[Try it] Whenever a picture appears, leave it out while repeating all the other data exactly.

[Given material]

=== Section Start ===

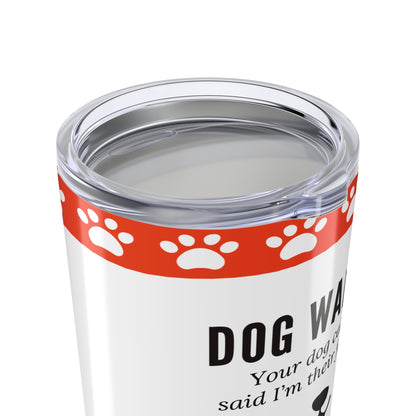 Dog Walker Tumbler 20 oz. – “Your Dog Called – Said I’m Their Favorite”
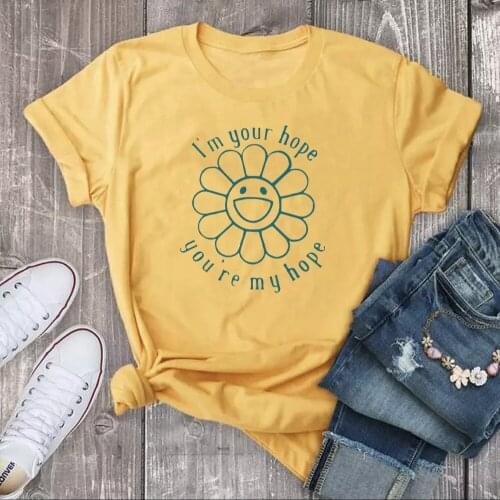 Colored i'm your hope,you're my hope T-Shirt funny 100% Cotton women graphic grunge quote unisex Fashion casual tshirt top tee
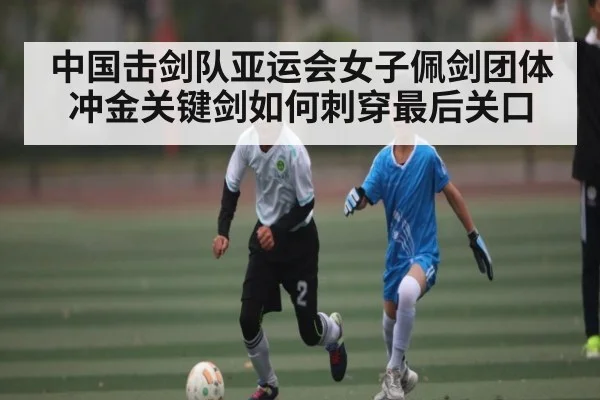 中国击剑队亚运会女子佩剑团体冲金关键剑如何刺穿最后关口（kaiyun）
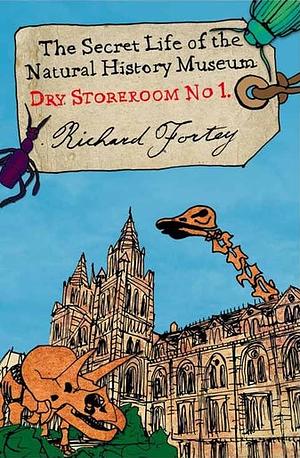 Dry Store Room No. 1: The Secret Life of the Natural History Museum by Richard Fortey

=== Section End ===

[Result for this task]
 Dog Walker Tumbler 20 oz. – “Your Dog Called – Said I’m Their Favorite”
 Colored i'm your hope,you're my hope T-Shirt funny 100% Cotton women graphic grunge quote unisex Fashion casual tshirt top tee
 中国击剑队亚运会女子佩剑团体冲金关键剑如何刺穿最后关口（kaiyun）
 Dry Store Room No. 1: The Secret Life of the Natural History Museum by Richard Fortey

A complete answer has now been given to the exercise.